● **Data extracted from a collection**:

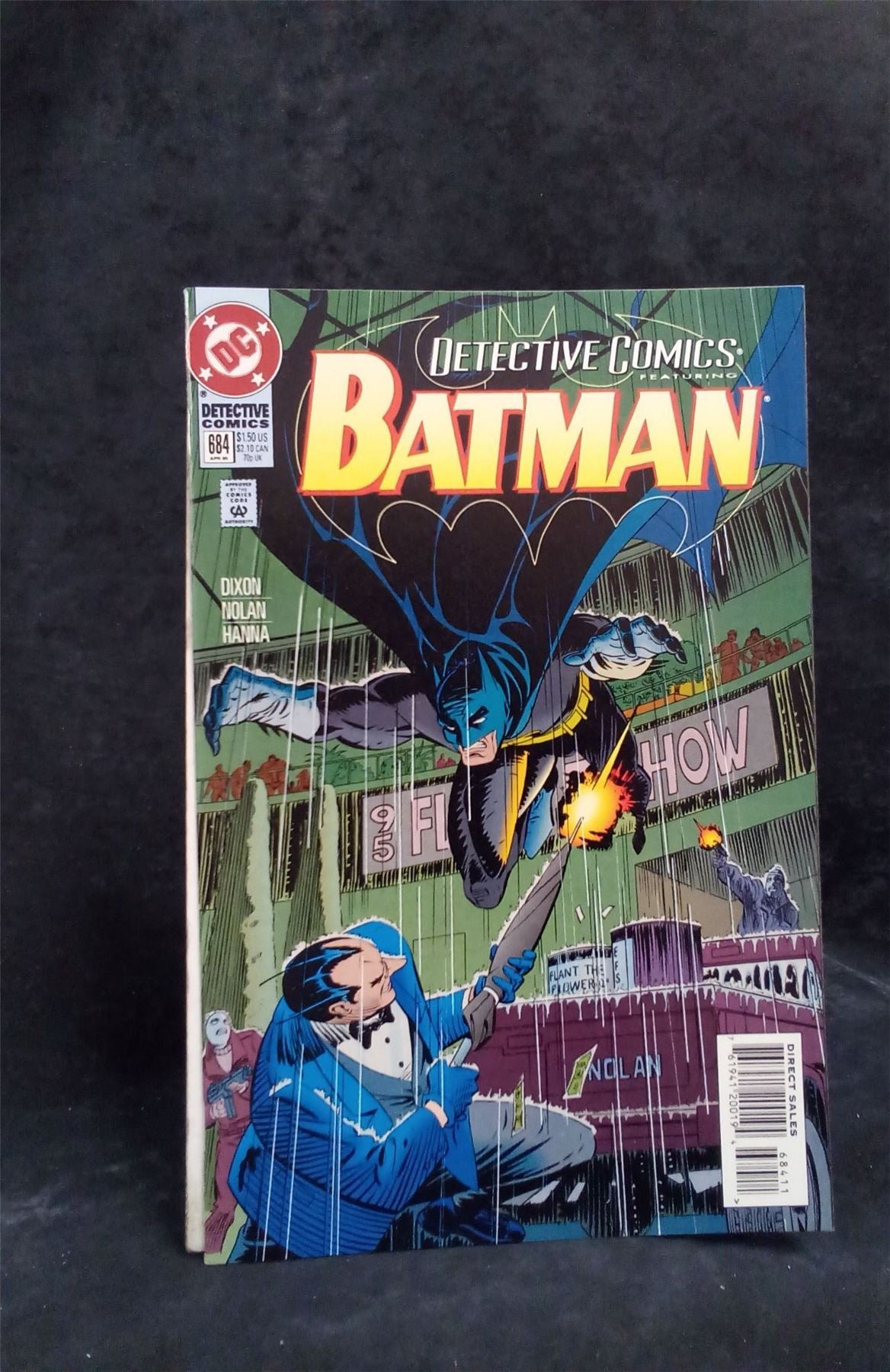 Detective Comics #684 1995 DC Comics Comic Book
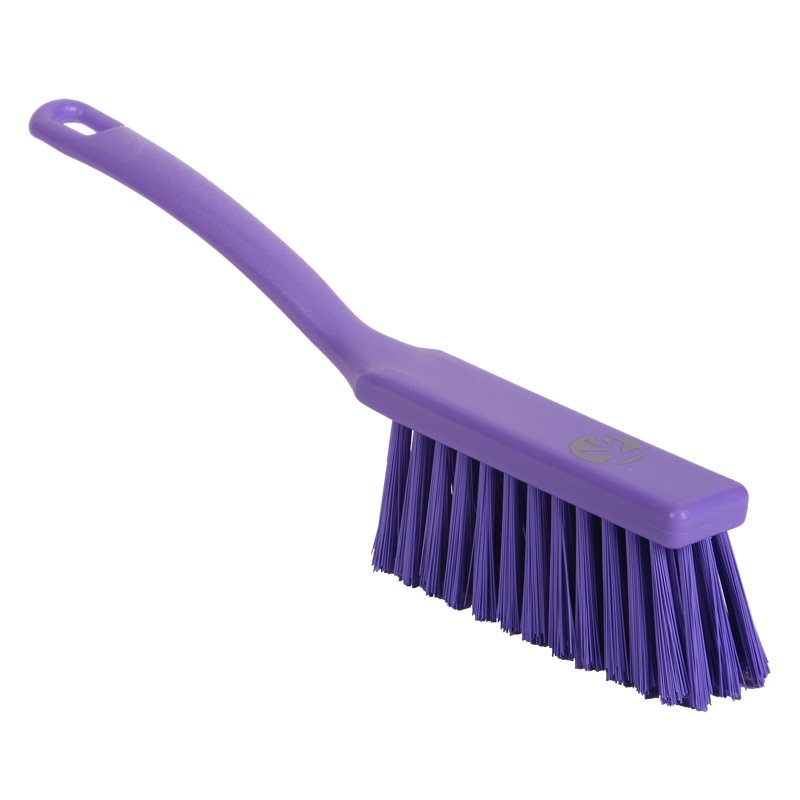 Bannister Brush - Resin Set, Medium/stiff Pbt Bristle, 340mm, Purple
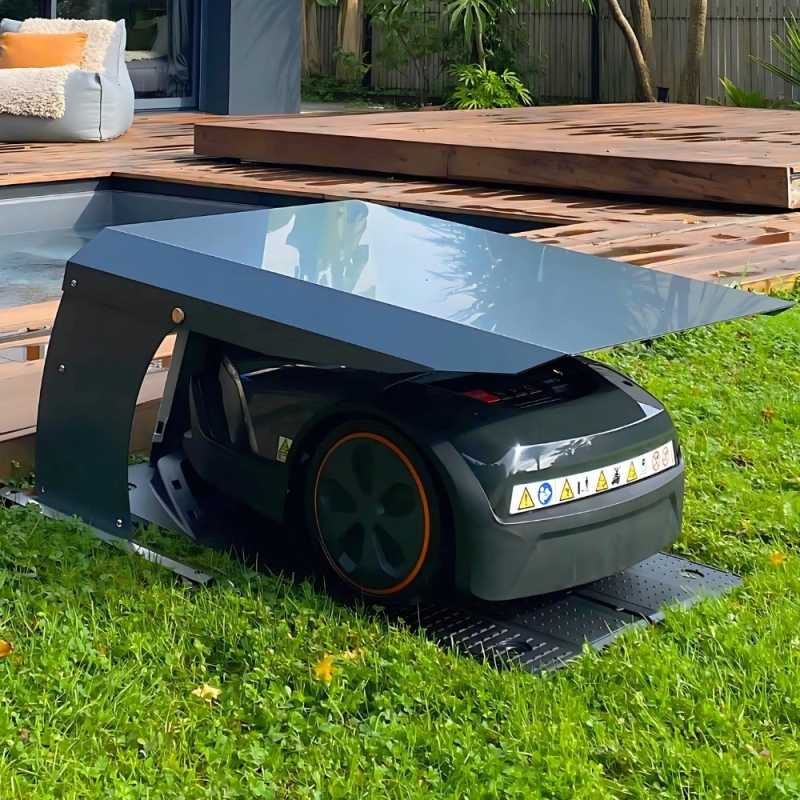 Abri pour robot tondeuse 86x67x40 cm – ROBOT PROTECT – taille XL 2.0 – 220003 Abri pour robot tondeuse 86x67x40 cm – ROBOT PROTECT – taille XL 2.0 – 220003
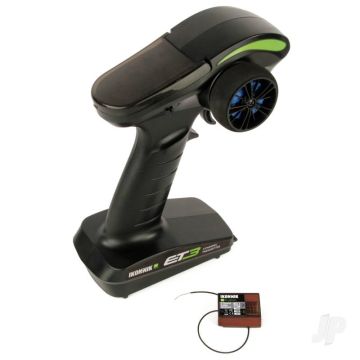 Ikonnik ET3 3-Channel 2.4GHz Krypton Transmitter & All-Weather Receiver (KNNS0030)
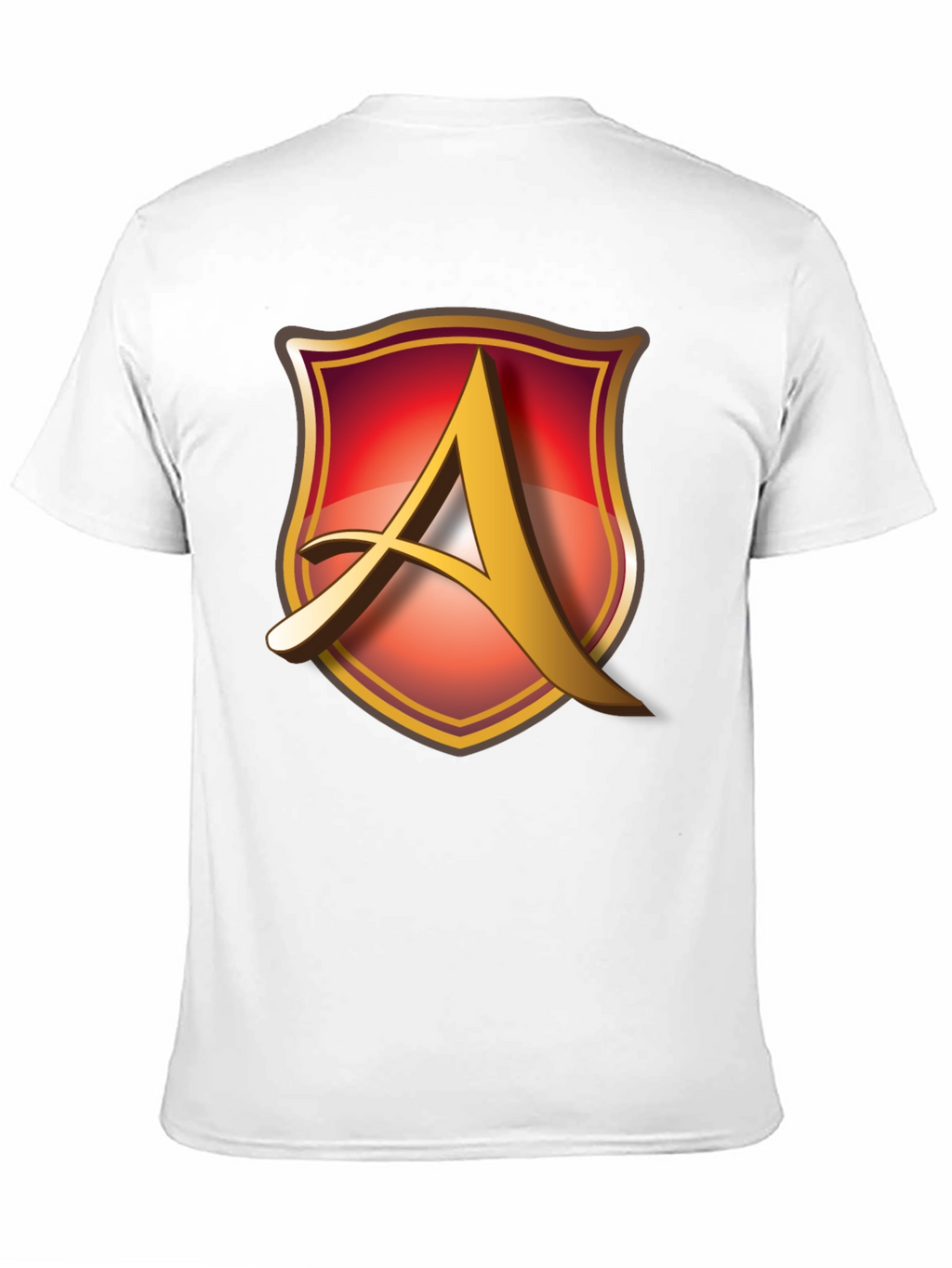 Shield A Logo Black T-Shirt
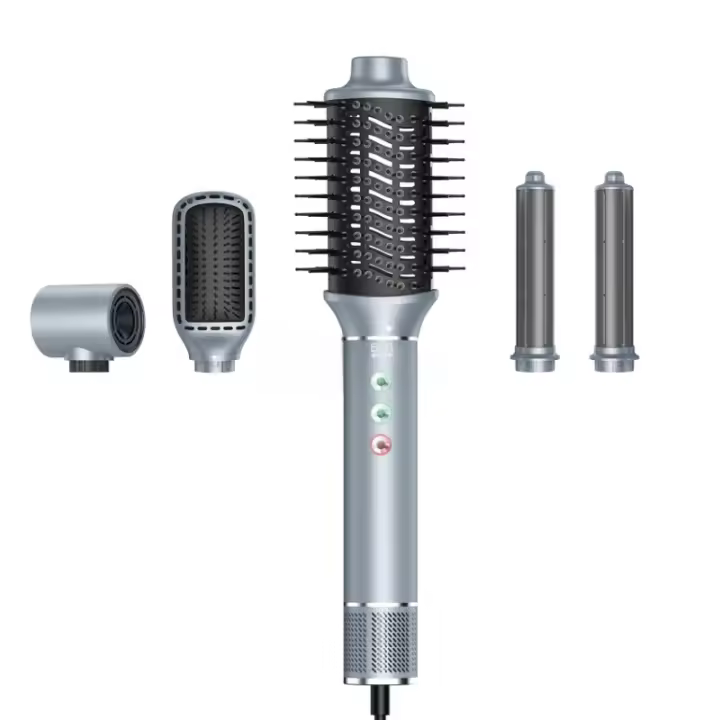 Secador de Cabello de Alta Velocidad Automático Peine de Aire Caliente Explosivo sin Escobillas - 1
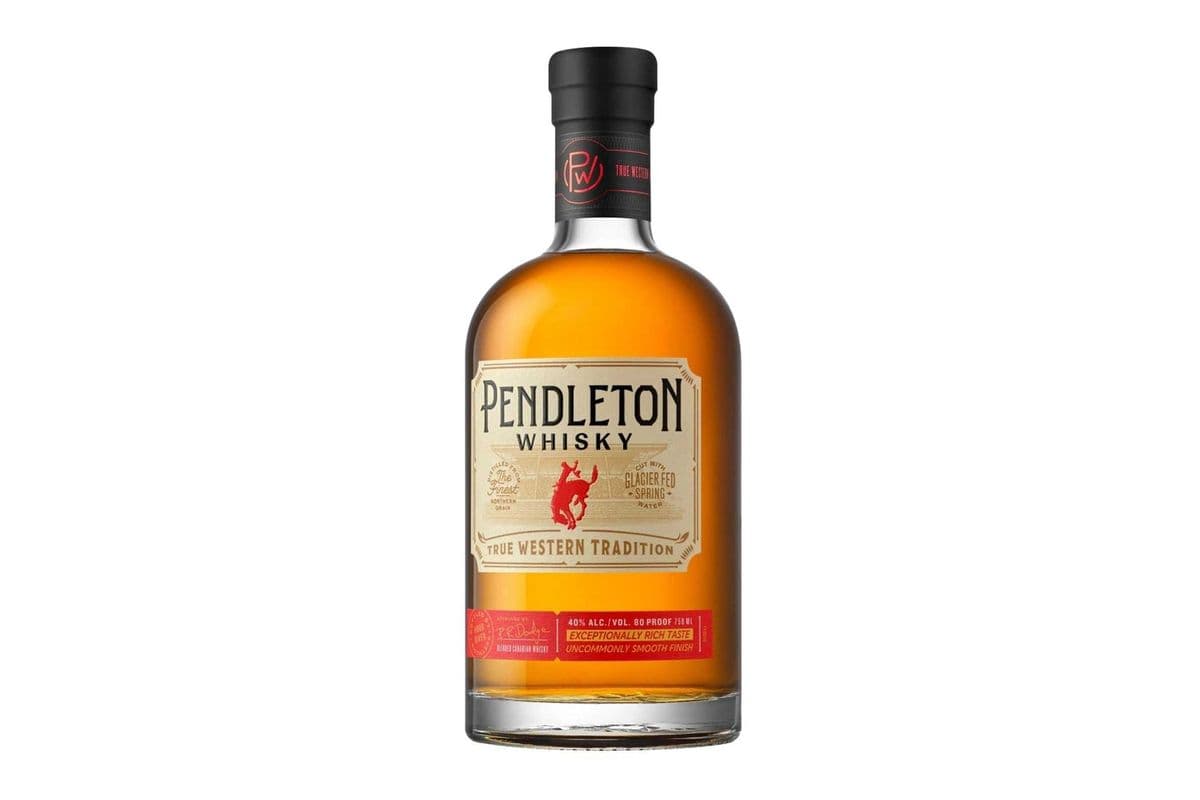 Pendleton Whisky-750ml (1 x 750ml)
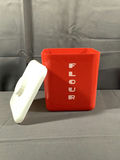 Vintage Lustro-Ware Nesting Canisters - thumbnail 2 of 9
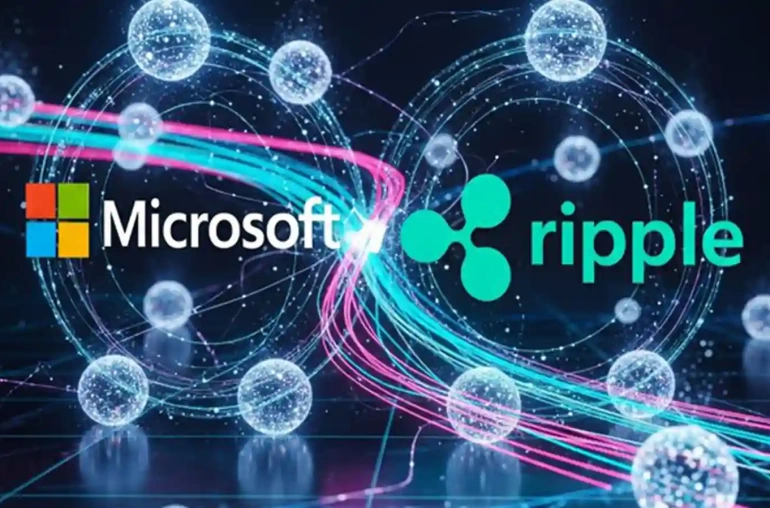 ripple Microsoft xrp
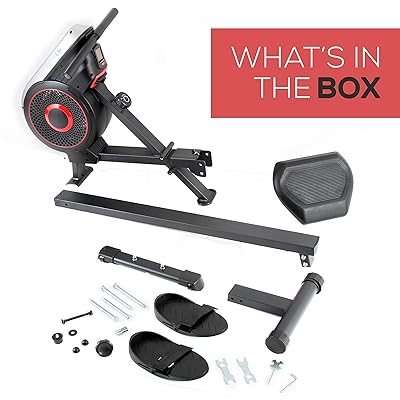 serenelife rowing machine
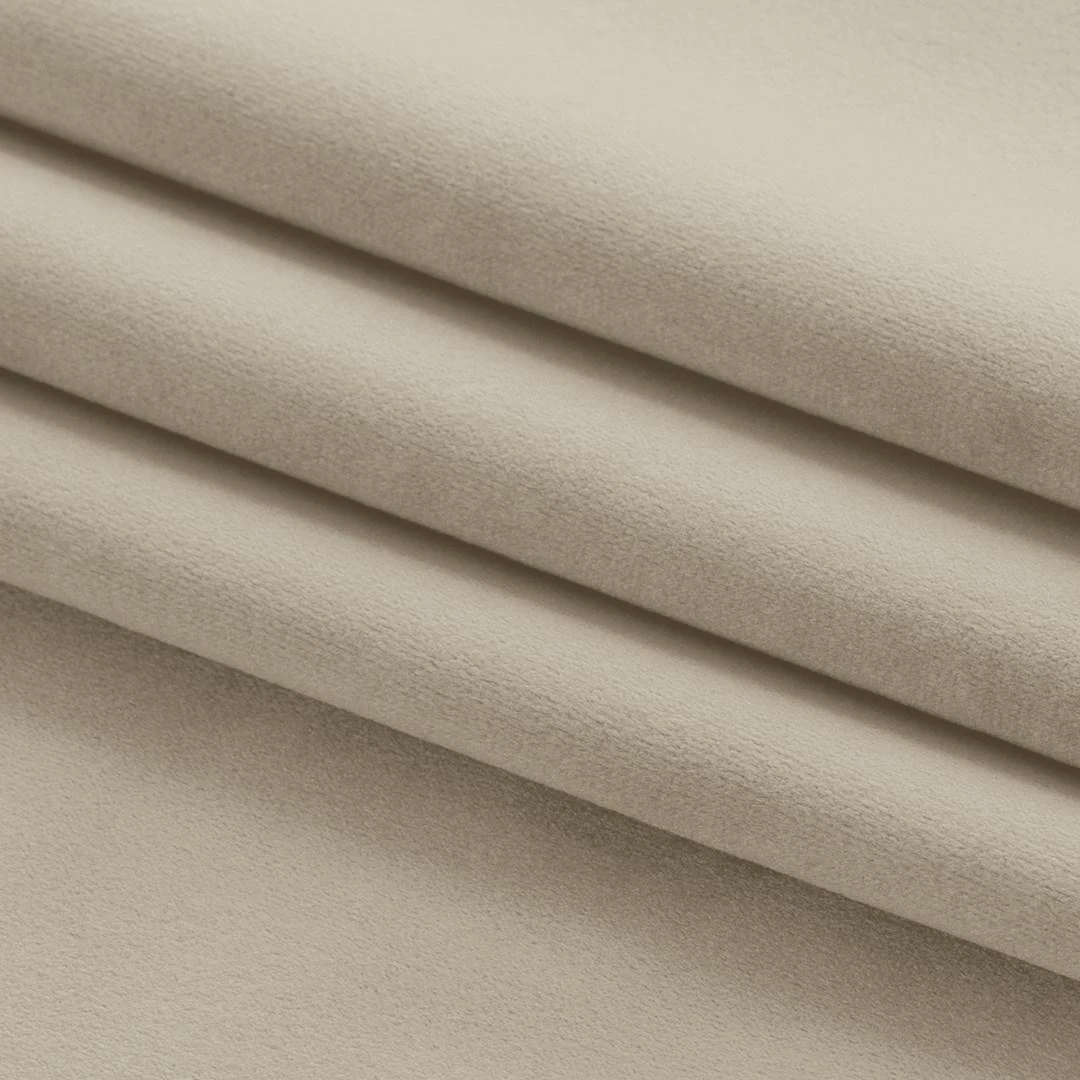 Homede Užuolaidos 200 × 270 cm, kreminės spalvos VELVET FLEX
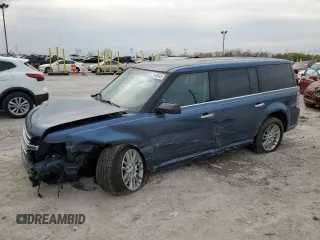 2019 Ford Flex SEL z VIN 2FMHK6C88KBA36503, wystawiony jako Copart lot #52996545 z przebiegiem 145 671 mil mil oraz Szkoda całkowita • Salvage title. Historia ofert i sprzedaży dostępna na DreamBid. Obrazek 1.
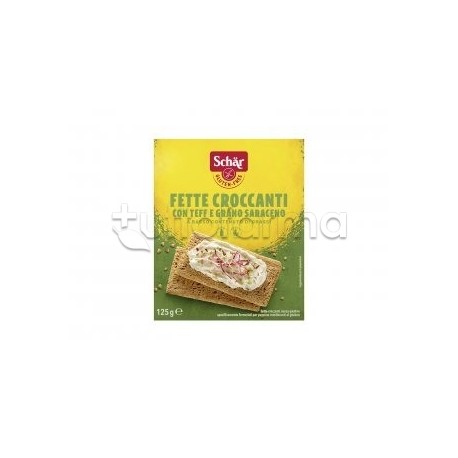Schar Fette Croccanti con Teff e Grano Saraceno Senza Glutine 125g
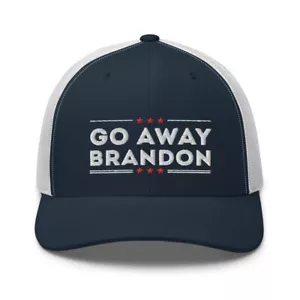 Sombrero de camionero Go Away Brandon - Imagen 1 de 14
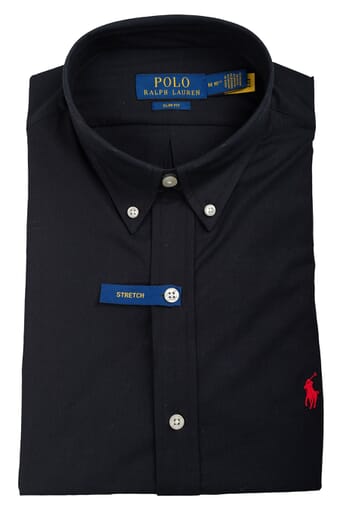 Camicia classica collo francese comfort fit tessuto pinpoint Camicia classica collo francese comfort fit tessuto pinpoint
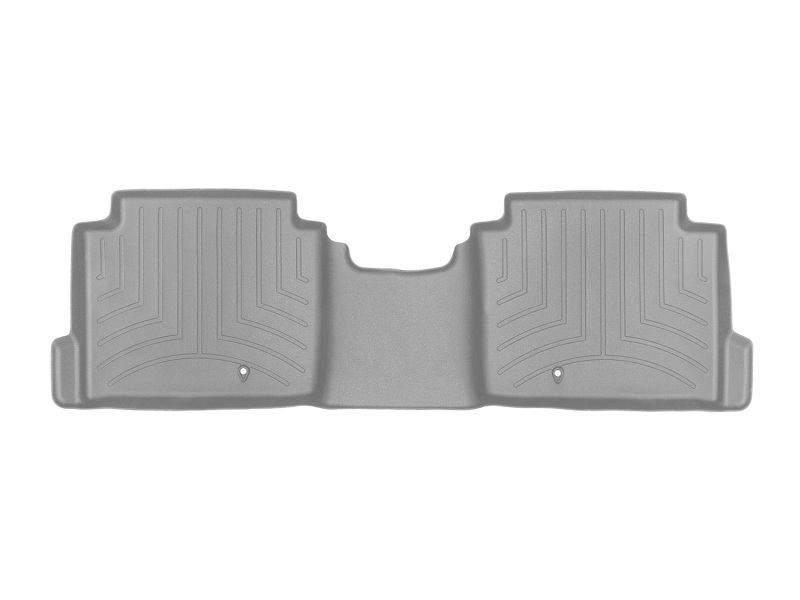 Hyundai Elantra FloorLiner - Rear - WeatherTech - DigitalFit - Grey - `17-`27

● **Work instructions**:
Going by the data above, give back only the lines from the one containing "Shield A Logo Black T-Shirt" through the one containing "2019 Ford Flex", exactly as they stand, both ends included and no images.

● **Result for this exercise**:
 Shield A Logo Black T-Shirt
 Secador de Cabello de Alta Velocidad Automático Peine de Aire Caliente Explosivo sin Escobillas - 1
 Pendleton Whisky-750ml (1 x 750ml)
 Vintage Lustro-Ware Nesting Canisters - thumbnail 2 of 9
 ripple Microsoft xrp
 serenelife rowing machine
 Homede Užuolaidos 200 × 270 cm, kreminės spalvos VELVET FLEX
 2019 Ford Flex SEL z VIN 2FMHK6C88KBA36503, wystawiony jako Copart lot #52996545 z przebiegiem 145 671 mil mil oraz Szkoda całkowita • Salvage title. Historia ofert i sprzedaży dostępna na DreamBid. Obrazek 1.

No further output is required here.